Литература видит в революции себя и оправдывает себя через нее; мы назвали ее Террором, потому что ее идеал – это как раз тот исторический момент, когда «жизнь несет в себе смерть и существует за счет смерти», добиваясь от нее истинности слова. В этом и заключается вопрос, стремящийся воплотиться в литературе и составляющий в то же время ее сущность. Литература связана с речью. Речь одновременно внушает доверие и настораживает. Говоря, мы обретаем господство над вещами с приятной для нас легкостью.
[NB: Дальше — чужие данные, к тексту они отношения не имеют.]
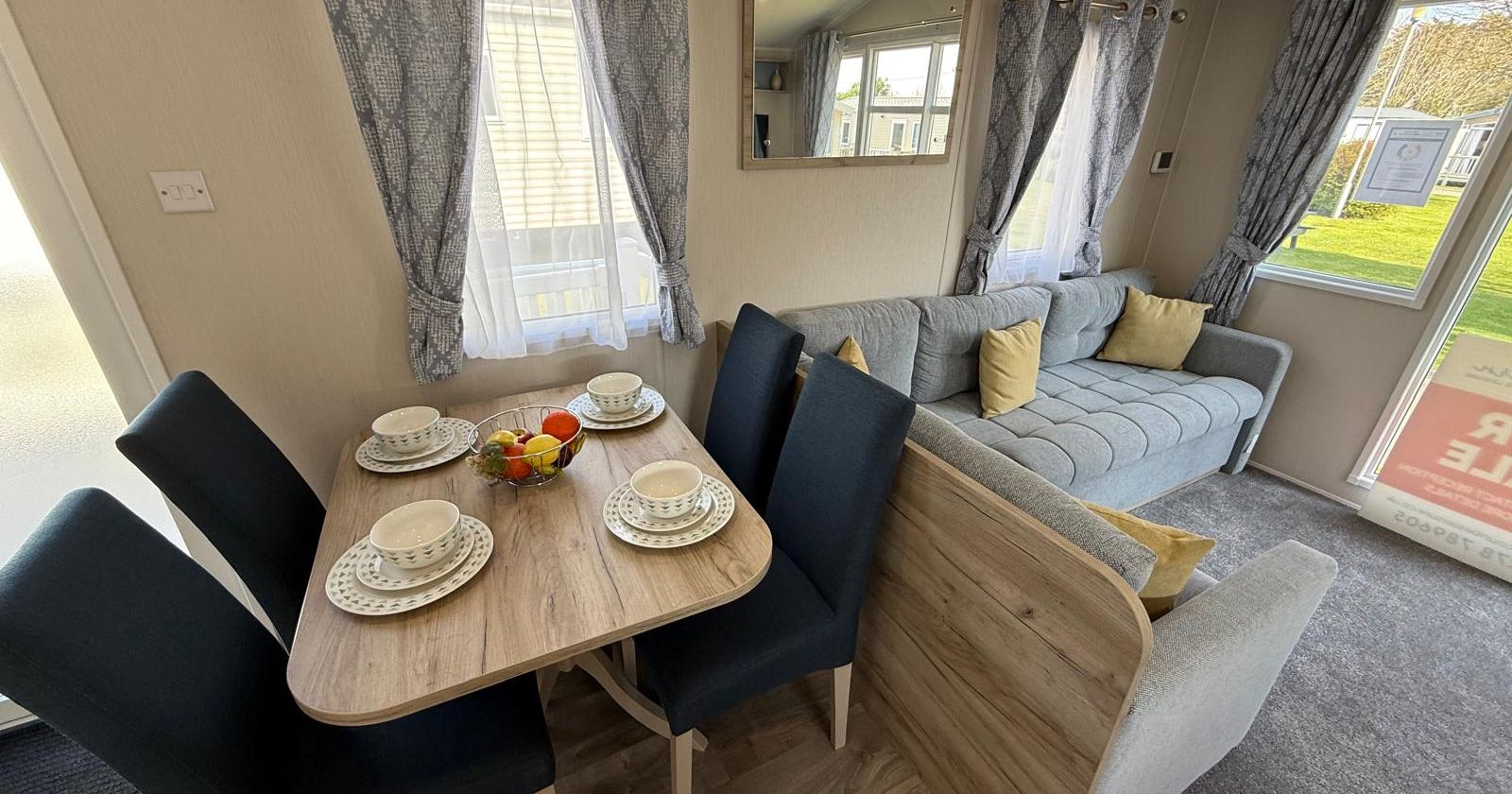 Modern living and dining area inside a caravan with a set dining table and a comfortable sofa.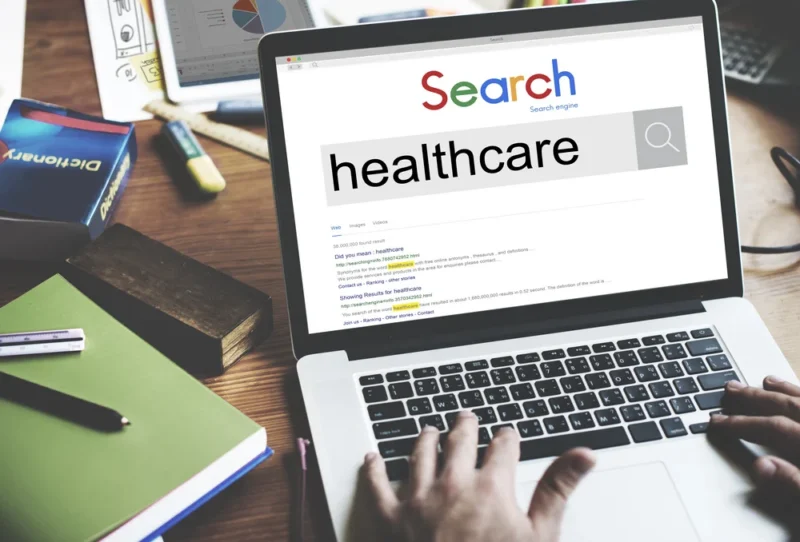 person using laptop to do a search for a healthcare business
Я говорю: эта женщина, – и она уже в моем распоряжении, я могу отдалить или приблизить ее, сделать ее всем, чем захочу; она становится местом удивительных действий и преобразований: речь – это простота и безопасность жизни. С вещью без имени нам нечего делать. Примитивный человек знает, что обладание словом дает ему власть над вещью, но отношения между словами и миром для него столь уплотнены, что обращение с языком остается не менее сложным и не менее опасным, чем контакт с живыми существами, так как слово еще не отделилось от вещи; то есть последняя еще не названа.
Чем цивилизованнее человек становится, тем невиннее и бесстрашнее его обращение со словом. Что же получается, слова теряют всякую связь с тем, что они означают? Но в этой потере связи недостатка нет, а если и есть, то язык и здесь находит в этом выгоду, вплоть до того, что самым совершенным из языков оказывается математический, чьей строгости не соответствует никакая вещь.
Я говорю: эта женщина. Гельдерлин, Малларме и все те, чьей темой в поэзии является ее сущность, видели в действии называния тревожащее чудо. Слово дает мне то, что оно означает, но предварительно подавив его.